Just saw news video of Seattle man severely beaten & robbed in broad daylight & a citizen commented this type criminal violence is common in street & stores.
So, all you Seattle ladies, gents & whatevers need to buy some common sense & vote / kick out of office all the existing members of the snotty “no bail bond, no prisons, we have tax paid security & to hell with you peasants” Marxist tyrants of the Dem Party
Or, quit whining & complaining about the proud to be criminally corrupt Dems you keep voting for who are enriching & protecting themselves at public expense.
Dem Party politicians have made it very clear they could care less if citizens are beaten to a pulp, robbed, raped & murdered or if vagrants & degenerates set up tents & takeover public areas to use drugs & alcohol & create toxic health & safety hazards for the public at large.

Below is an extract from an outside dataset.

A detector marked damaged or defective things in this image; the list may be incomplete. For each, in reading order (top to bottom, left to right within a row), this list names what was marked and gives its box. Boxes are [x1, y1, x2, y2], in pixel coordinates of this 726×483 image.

The Dem Party politically powerful elite use their elected positions & your tax $ to benefit only themselves & would never tolerate the dangerous & filthy conditions they force law abiding working class citizens to endure.
More and more, i’d just love to take a full on Forcefield, and SEAL UP TIGHT, every damn one of these libtard crime ridden cesspool cities.. AND LEAVE SAID field in place, even AFTER everyone inside is worm meal..
I’m sure BLM will step forward, after all they are a visible force in helping Chicago stop the shootings!!
How many of these cows marching around with signs demanding safety in the work place were out throwing bricks at the police the night before?
Almost 2 million people live in King County. Not all of them belong to Antifa. Not all of them live in Portland and vote for the mayor and the demented city council. Not all blacks belong to Black Lives Matter and not all whites are members of the KKK.
IMO, it’s good that these women are speaking out and demanding something be done about that miserable hellhole.
They may have not been out there WITH BLM/ANTIFA. BUT since i didn’t see much in the way of COUNTER protests, or actions done to STOP WHAT antifa/blm did all last year through this year, IMO THEY ARE JUST as complicit by their INACTION.